Freitag, 23. September 2011

„Becoming famous…“


„Can I take a picture of you?“ – War vermutlich mit einer der am häufigsten gehörten Fragen auf den Ausflügen der letzten Monate. Am Anfang ist man darüber noch etwas verblüfft, nach mehreren Fotos wird einem unwohl, irgendwann muss man die Höflichkeit über Bord werfen und die Anfrage verneinen. Sicherlich sind andersfarbige Menschen in diesem Land verhältnismäßig selten, aber trotzdem kann ich mir den Wahn der Inder nach Bildern von weißen Europäern und Amerikaner nicht erklären. 

Schlimmer ist es sogar noch, wenn man mit einer Frau unterwegs ist. Da wird man als Mann auch gerne mal aus dem Bild geschoben. Sehr viele Bilder werden auch mit Fotohandys heimlich, vornehmlich von Jugendlichen, gemacht. Für zahlreiche Familienalben hält man ja noch her, aber diese Sitte geht dann doch zu weit.

Im Familienalbum einer indischen Großfamilie.

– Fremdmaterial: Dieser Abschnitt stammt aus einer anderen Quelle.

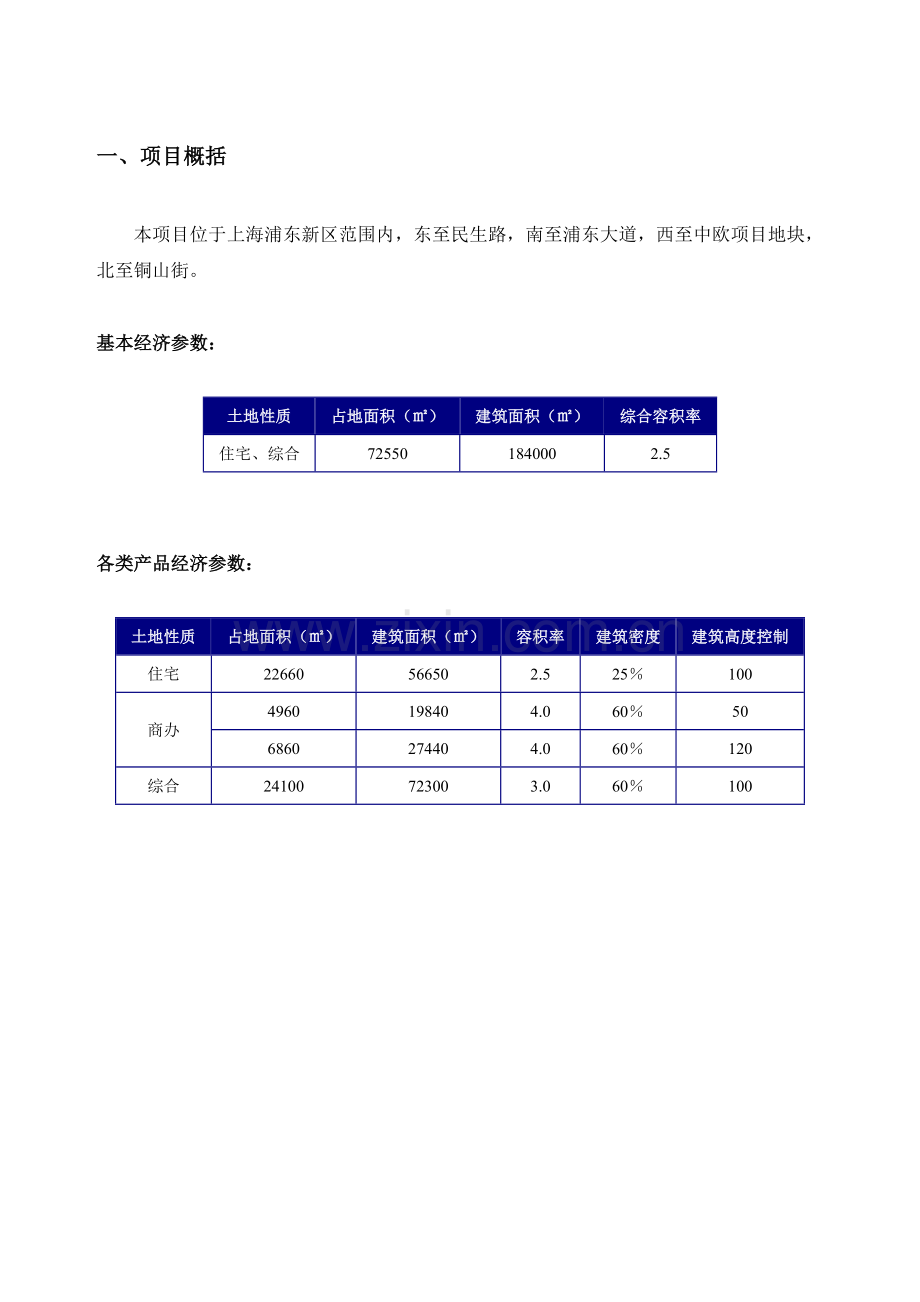 同策-上海浦东铜山街项目项目定位及物业发展建议报告-147.docx_第2页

 Gestern hatte ich dagegen eine andere skurrile Begegnung, die sich um Werbefotos drehte. So wurden wir vor einer Filiale einer bekannten Sandwichkette angesprochen, ob wir nicht Lust hätten, Werbebilder für Amazon.com zu machen. Mit einem weißen T-Shirt, einer blauen Jeans und einer Amazon.com – Pappkiste auf dem Arm bräuchten wir nur in die Kamera zu lächeln. Zwar machten die Werber, ein Mann und eine Frau, einen seriösen Eindruck, doch nach zahlreichen Widersprüchen im Verlauf des Gesprächs war mir das Ganze nicht geheuer. Letztendlich bat ich aus Höflichkeit um Bedenkzeit und lies mir die Handynummer geben. Ich habe auch schon von anderen gehört, die alles dafür geben würden, um eine Statistenrolle in einem Bollywoodfilm zu ergattern. Sollte ich einmal diesbezüglich gefragt werden, bräuchte ich aber zusätzlich einen Tanzcrashkurs, um meine tänzerischen Fähigkeiten aufzubessern...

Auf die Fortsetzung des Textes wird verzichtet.